System requirement: Tesseract 5.x must be installed on the host.
Install
npm install @d0paminedriven/pdfdown-ocrTesseract setup
# Ubuntu/Debian (22.04 ships pre v5 > -- use the PPA for 5.x)
sudo add-apt-repository ppa:alex-p/tesseract-ocr5
sudo apt update
sudo apt install tesseract-ocr tesseract-ocr-eng -y
# Optional: all language packs
# sudo apt install tesseract-ocr-all
# macOS
brew install tesseract
# Arch
sudo pacman -S tesseract tesseract-data-engVerify with tesseract --version -- you should see 5.x.
Tessdata auto-detection
The package automatically detects the tessdata directory at runtime by parsing the output of tesseract --list-langs. The detected path is cached for the lifetime of the process using a OnceLock<Option<String>> -- no global environment mutation, fully thread-safe.
Resolution order:
TESSDATA_PREFIXenvironment variable (if set, used as-is -- no auto-detection runs)- Auto-detection via
tesseract --list-langs(parses the path fromList of available languages in "/path/to/tessdata/") - Tesseract's compiled-in default (if neither of the above yields a path)

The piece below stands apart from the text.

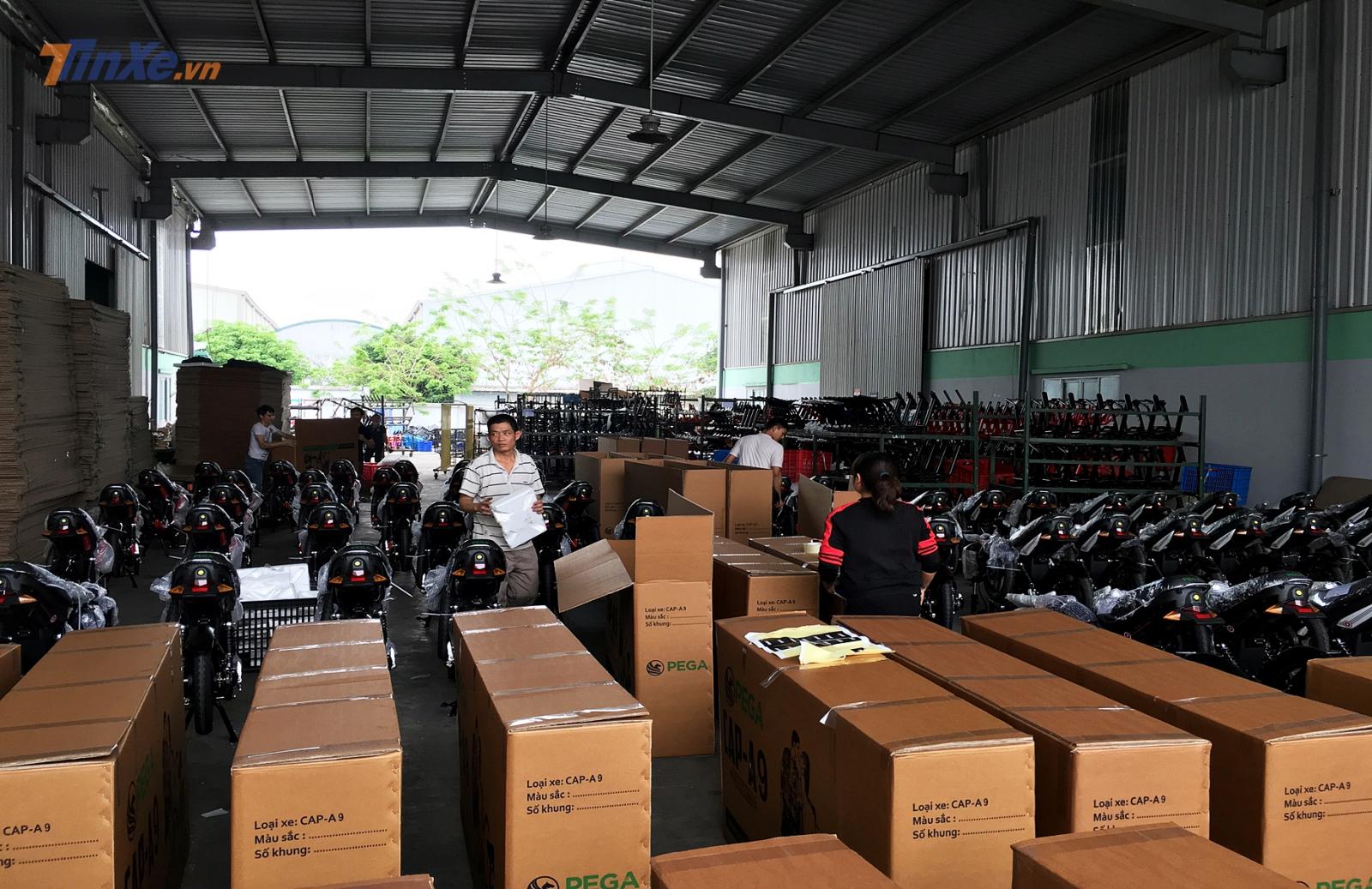 Công đoạn cuối cùng trước khi lên xe về các đại lý là đóng gói, những chiếc xe điện này sẽ được làm gọn và đóng gói vào thùng các tông chắc chắn. Công đoạn cuối cùng trước khi lên xe về các đại lý là đóng gói, những chiếc xe điện này sẽ được làm gọn và đóng gói vào thùng các tông chắc chắn.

Most users will not need to set TESSDATA_PREFIX at all. The auto-detection handles standard installations on Ubuntu (/usr/share/tesseract-ocr/5/tessdata/), macOS Homebrew (/opt/homebrew/share/tessdata/), Arch, and any other layout where tesseract is on PATH.
Set TESSDATA_PREFIX explicitly only if:
- Tesseract is not on
PATHbut the tessdata directory exists elsewhere - You want to override the detected path (e.g., pointing to a custom-trained data directory)
# Override example (not usually needed)
export TESSDATA_PREFIX="/opt/custom/tessdata"API
This package exports everything from @d0paminedriven/pdfdown (text, images, annotations, structured text, metadata -- both sync and async), plus the OCR-specific APIs below. See the base package docs for the full base API.
OCR standalone functions
// Per-page OCR text extraction
export declare function extractTextWithOcrPerPage(
buffer: Buffer,
opts?: OcrOptions,
): Array<OcrPageText>
export declare function extractTextWithOcrPerPageAsync(
buffer: Buffer,
opts?: OcrOptions,
): Promise<Array<OcrPageText>>
// Full document extraction with OCR text fallback
export declare function pdfDocumentOcr(
buffer: Buffer,
opts?: OcrOptions,
): PdfDocumentOcr
export declare function pdfDocumentOcrAsync(
buffer: Buffer,
opts?: OcrOptions,
): Promise<PdfDocumentOcr>PdfDown class (includes OCR methods)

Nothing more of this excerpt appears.